Written by Jessica Relyea, Esq.

Edited by Brian Cafritz, Esq.

Almost every state has certain rules or procedures that are unique to that jurisdiction.  In Virginia, one of our legal oddities is the existence and breadth of the voluntary nonsuit.  A voluntary nonsuit in state court is a procedural right to voluntarily dismiss the case, but it is created by statute.  Va. Code Ann. § 8.01-380.  Although it is a voluntary dismissal, a nonsuit does not operate the same way as a voluntary dismissal in federal court.   It allows the Plaintiff to correct a flaw in her case and reset the matter to the start in a future filing, with no real penalty or hardship.  The Supreme Court of Virginia has described a voluntary nonsuit as a “powerful tactical weapon in the hands of Plaintiff.  Trout v. Commonwealth Transp. Comm’r of Va., 241 VA 69, 73 (1991).

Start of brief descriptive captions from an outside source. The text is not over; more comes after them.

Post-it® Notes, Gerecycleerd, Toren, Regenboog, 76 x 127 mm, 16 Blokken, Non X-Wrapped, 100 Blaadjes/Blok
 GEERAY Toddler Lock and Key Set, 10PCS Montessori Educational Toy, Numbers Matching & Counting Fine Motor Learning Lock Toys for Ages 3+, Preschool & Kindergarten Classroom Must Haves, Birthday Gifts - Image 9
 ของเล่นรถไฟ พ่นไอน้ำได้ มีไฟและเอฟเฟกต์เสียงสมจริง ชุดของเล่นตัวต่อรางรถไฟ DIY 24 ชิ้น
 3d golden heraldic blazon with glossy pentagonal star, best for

Given this tool at plaintiff’s disposal, it is important for all defendants to understand what a voluntary nonsuit is, how it can be used, and how it may impact their case.

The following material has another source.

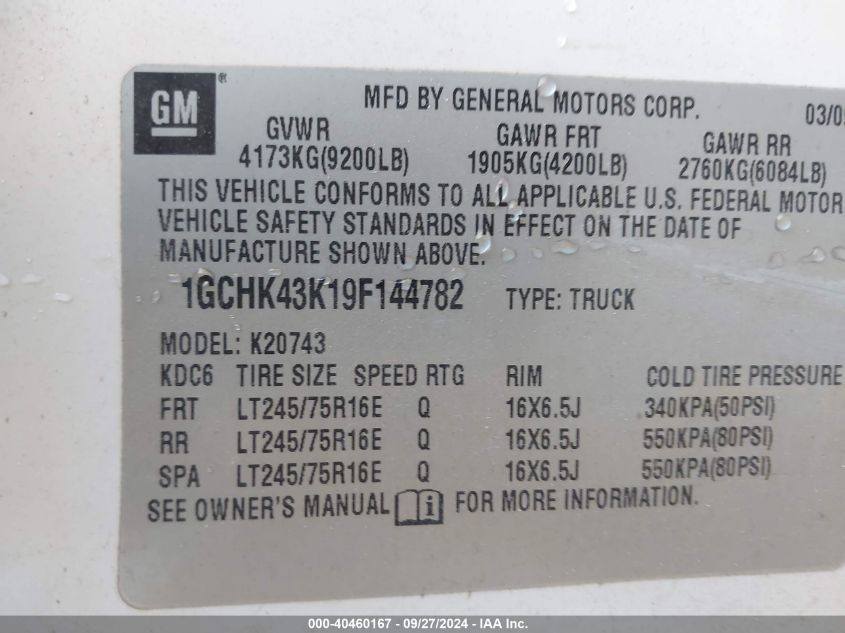 1GCHK43K19F144782 2009 Chevrolet Silverado 2500Hd Work Truck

In Virginia, a Plaintiff is allowed one nonsuit as a matter of right, which can be taken at any point before a motion to strike the evidence has been sustained or before the case has been submitted to the jury.  Va. Code Ann. § 8.01-380.  This means a Plaintiff can nonsuit her case while a motion for summary judgment is pending or in the middle of trial if she does not like the make-up of the jury or how her doctor testified.  Plaintiff does not need the consent of all parties or even the approval of the Court to take her first nonsuit.  Id.  If a Plaintiff wants to take a second nonsuit, she can only do so at the discretion of the court after reasonable notice is given to all parties.  Va. Code Ann. § 8.01-380(B).

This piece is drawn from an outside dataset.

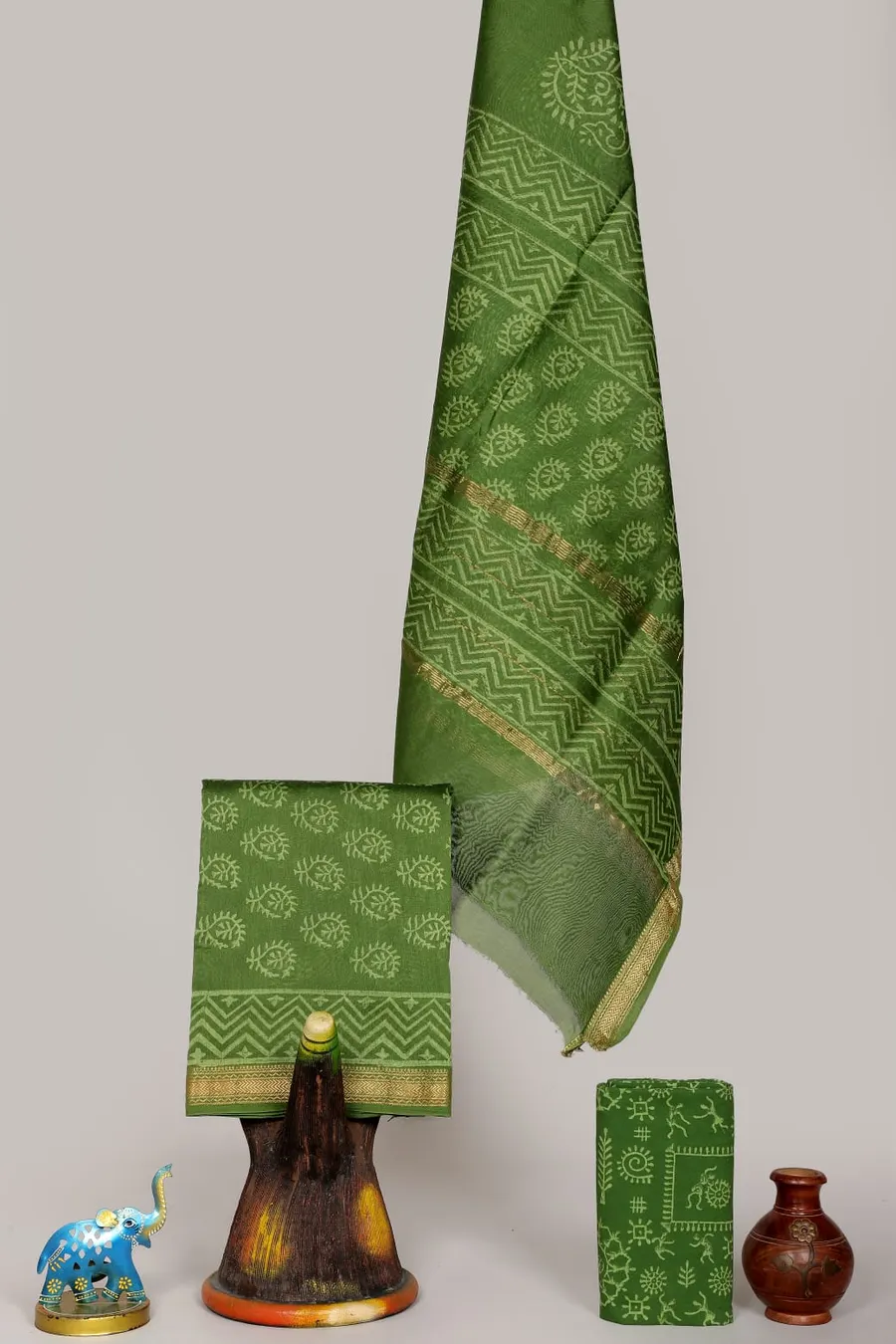 Hand Block Printed Maheshwari Silk Salwar - Exquisite Indian Fashion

The federal court rules do not allow for nonsuits, but rather, allow for voluntary dismissals under certain circumstances.  Fed. R. Civ. Pro. R. 41.  The most notable distinction between a nonsuit and voluntary dismissal is that if a defendant has entered an appearance in federal court, plaintiff can only dismiss the matter with the consent of all parties or the approval of Court.  Id. Furthermore, the Virginia Supreme Court has held that a voluntary dismissal under the federal rules does not necessarily act as a nonsuit under the Virginia rules.  As such, if a Plaintiff voluntarily dismisses her matter in federal court, she may still be entitled to a nonsuit as a matter of right in state court.  See INOVA Health Care Servs. V. Kebaish, 284 Va. 336 (2012).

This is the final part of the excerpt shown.